(The task)
Although the entries contain pictures, return everything else in them verbatim and omit the pictures.

(Input data)
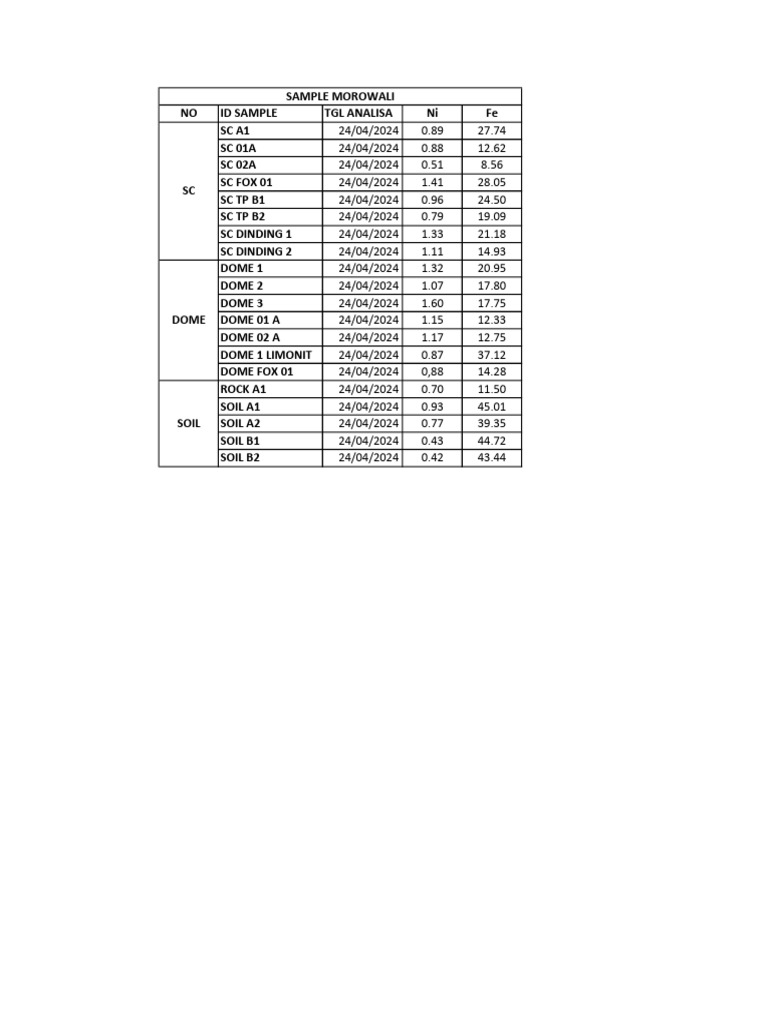 Contoh Assay Sample Morowali | PDF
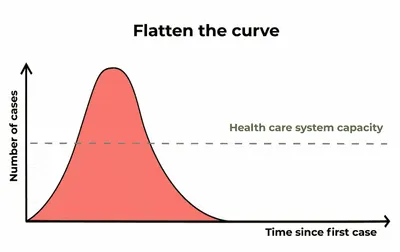 social distancing  why it’s the best tool we have to fight the coronavirus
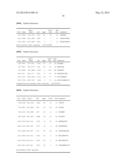 SEQUENCE OF 55 NEW FOUND PROTEINS AND THEIR APPLICATION diagram and image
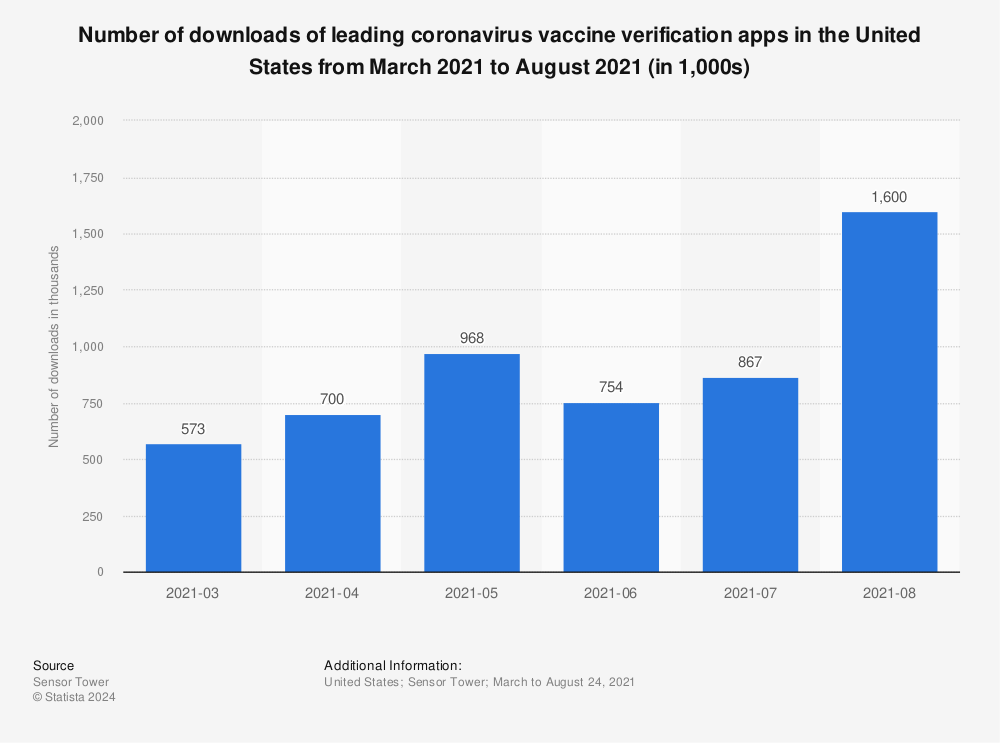 Statistic: Number of downloads of leading coronavirus vaccine verification apps in the United States from March 2021 to August 2021 (in 1,000s) | Statista
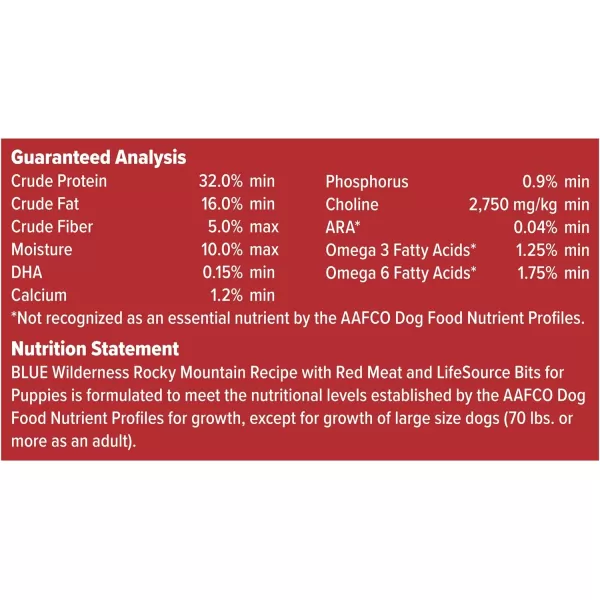imageBlue Buffalo Wilderness Rocky Mountain Recipe High Protein Natural Puppy Dry Dog Food Red Meat 22lbDry Dog Food Red Meat ChickenFree 22 Pound Pack of 1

(Exercise solution)
 Contoh Assay Sample Morowali | PDF
 social distancing  why it’s the best tool we have to fight the coronavirus
 SEQUENCE OF 55 NEW FOUND PROTEINS AND THEIR APPLICATION diagram and image
 Statistic: Number of downloads of leading coronavirus vaccine verification apps in the United States from March 2021 to August 2021 (in 1,000s) | Statista
imageBlue Buffalo Wilderness Rocky Mountain Recipe High Protein Natural Puppy Dry Dog Food Red Meat 22lbDry Dog Food Red Meat ChickenFree 22 Pound Pack of 1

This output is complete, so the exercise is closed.